The community detection result reveals the distribution and restructuring of subnetworks in the population flow network before and during the Chunyun periods. Furthermore, from the spatial distribution of population flow between cities (each belongs to a different subnetwork), we revealed the characteristics of major interprovincial population movements. Finally, we found that the migrating population of Wuhan was mainly related to cities in Hubei Province through the community detection method and a Chord Diagram. The statistical analysis showed that the intensity of the population flow relationship between cities would affect the spread of the transmission of a disease to a large extent.

The analysis in this paper has some spatial implications on population policy and epidemic control. For example, the spatial analysis of population movement is important for evidence-based population policymaking. The population flow is a pertinent indicator for the evaluation of the future development prospects of a city and is of great significance for the prediction and prevention of the transmission of a disease. These findings illustrate the importance of building an emergency system based on big data technology (Brooks et al., 2008).

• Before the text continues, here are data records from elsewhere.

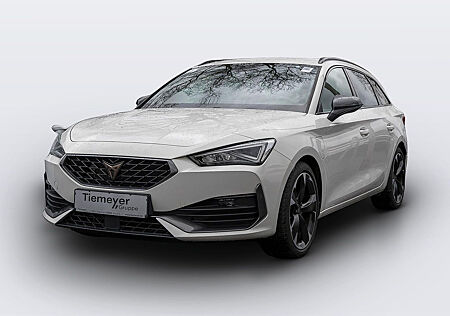 Cupra Leon Sportstourer eHybrid LED NAVI SITZH LM18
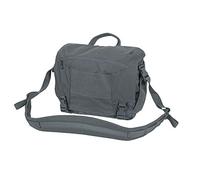 Helikon-Tex – Sac pour ordinateur portable Urban Courier Taille M Cordura Gris ombre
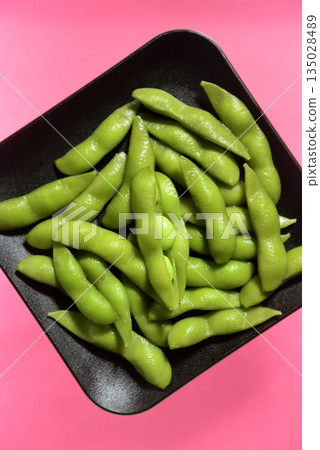 Edamame Edamame 135028489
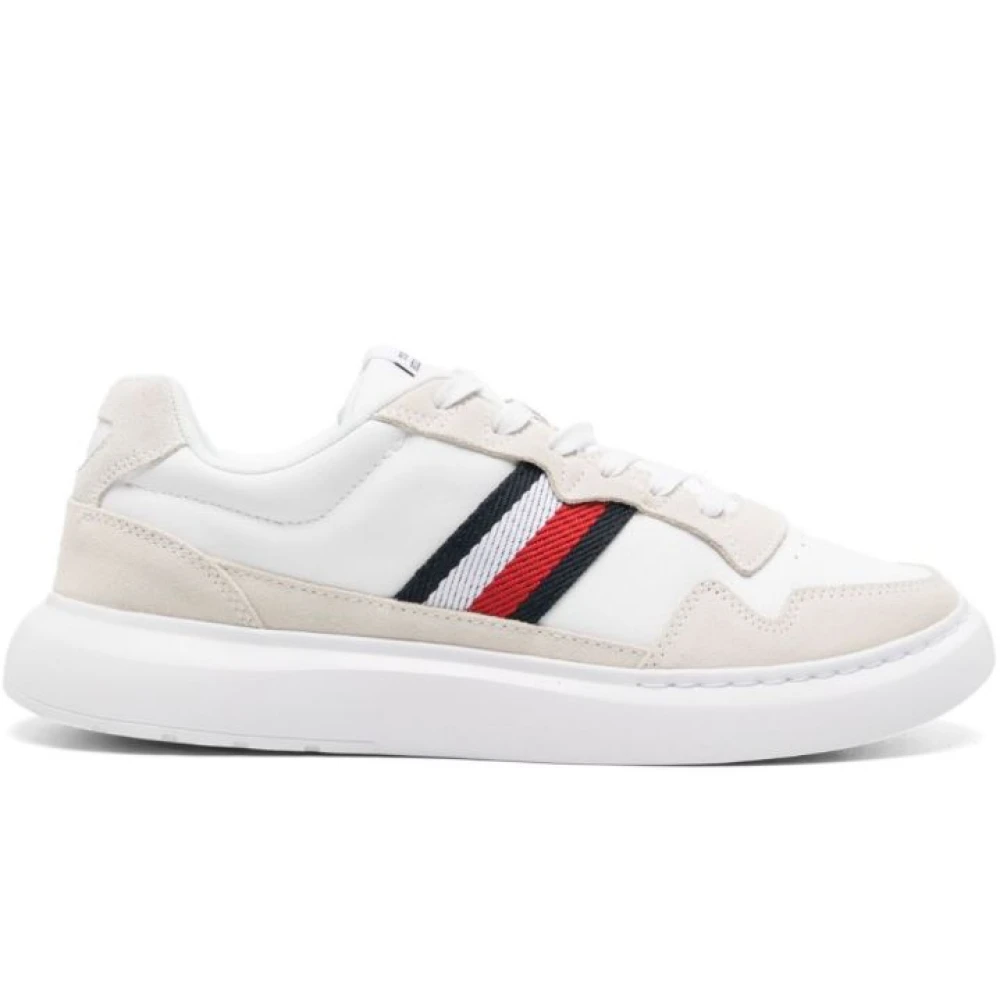 Shoes > Sneakers - - Tommy Hilfiger - Modalova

Some limitations remain to be addressed in future research. For example, the longitudinal population flow data should be collected and used to capture the holistic migration pattern. The relationship between population flow and different transportation modes and the impact of population movement on industrial development can be examined to guide regional planning and development. Mobile signalling data (Calabrese et al., 2010; Widhalm et al., 2015) can be used to trace the spreading path of epidemic transmission at the city scale. The Baidu migration data should also be validated as some travellers, such as children and seniors, may not have smartphones and may not be included in the sample. The data on train and/or bus ticket sales can also be used to triangulate the data to ascertain reliability. Future research can use similar methods and sources of data to explore these limitations and draw out other practical benefits for national migration, epidemic control, and transportation policymaking.